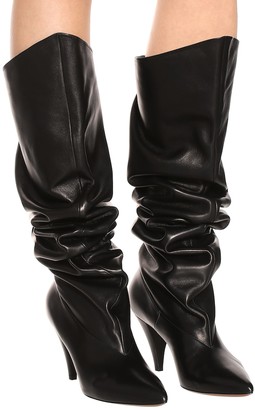 Givenchy Ruched leather boots
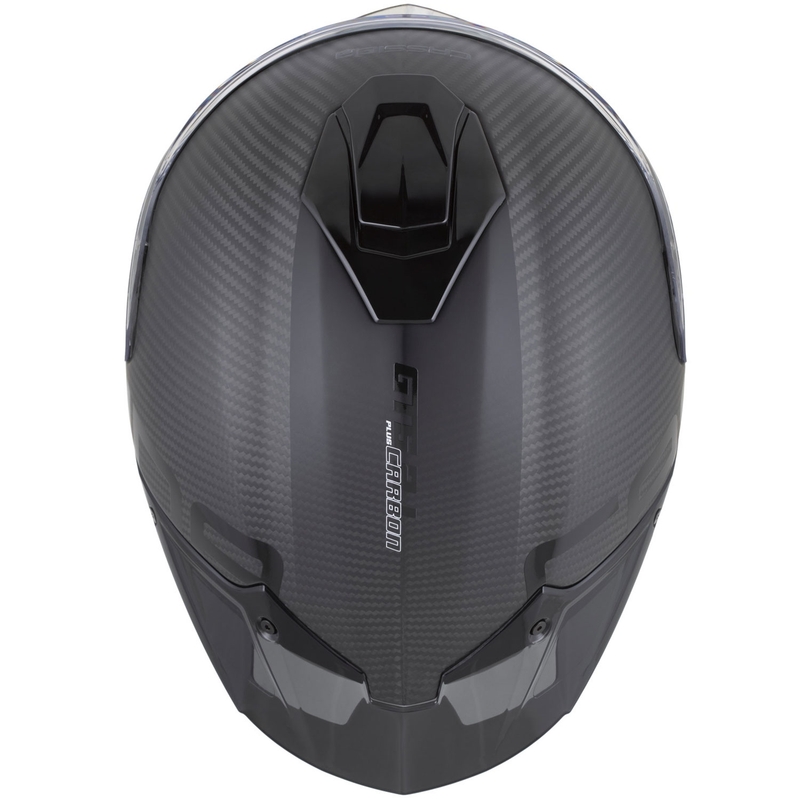 Cassida Integral GTS 2.1 Plus Carbon Integralhelm für Motorräder, matt, Carbon-Schwarz-Weiß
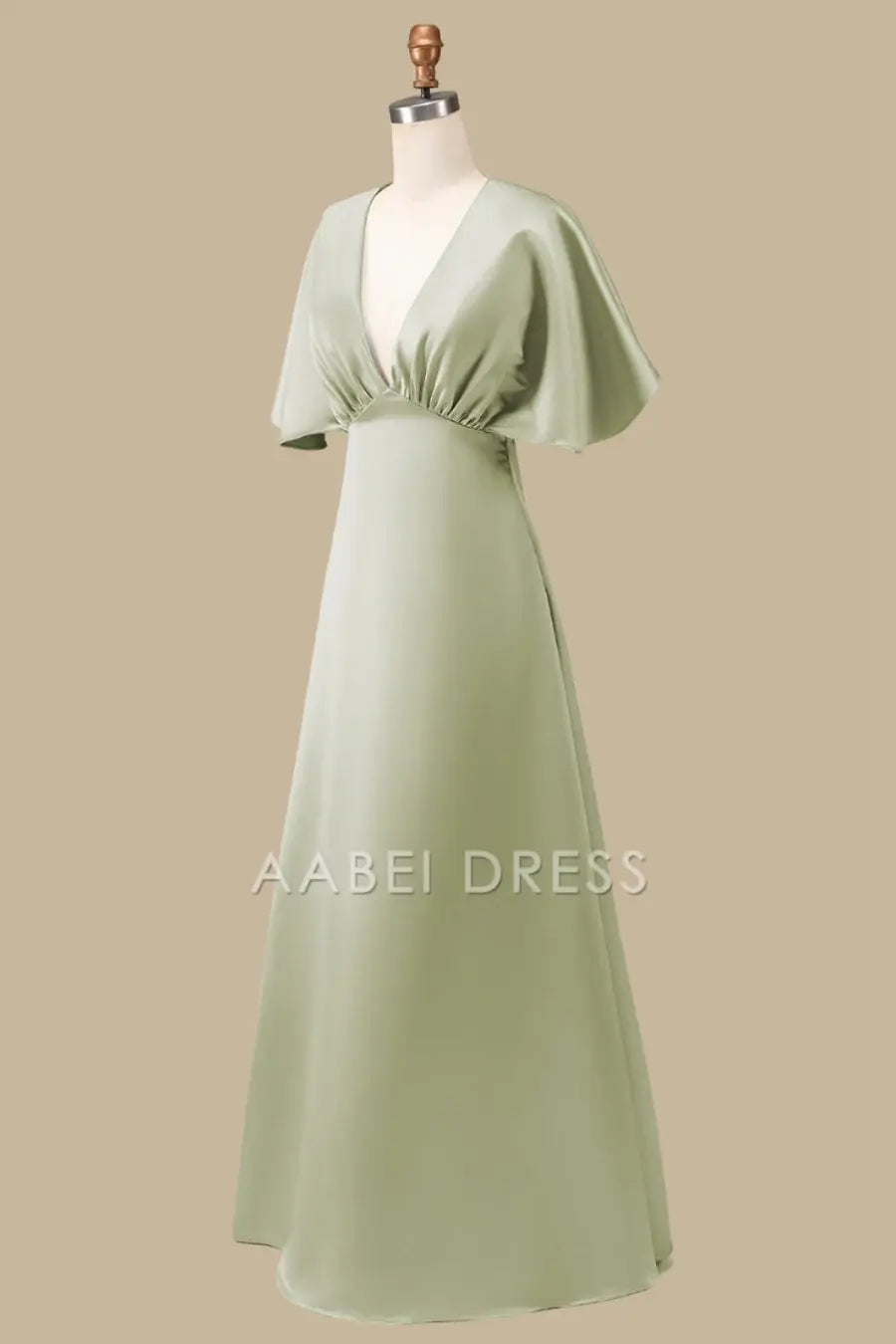 AABEI DRESS High Quality Mother of The Bride Dress A-line V-neck Half Sleeves Flattering High Waist Elegant Dress Formal Dress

#### Work instruction:
Transcribe the full listing exactly, but keep every image out of it.

#### Your solution:
 Givenchy Ruched leather boots
 Cassida Integral GTS 2.1 Plus Carbon Integralhelm für Motorräder, matt, Carbon-Schwarz-Weiß
 AABEI DRESS High Quality Mother of The Bride Dress A-line V-neck Half Sleeves Flattering High Waist Elegant Dress Formal Dress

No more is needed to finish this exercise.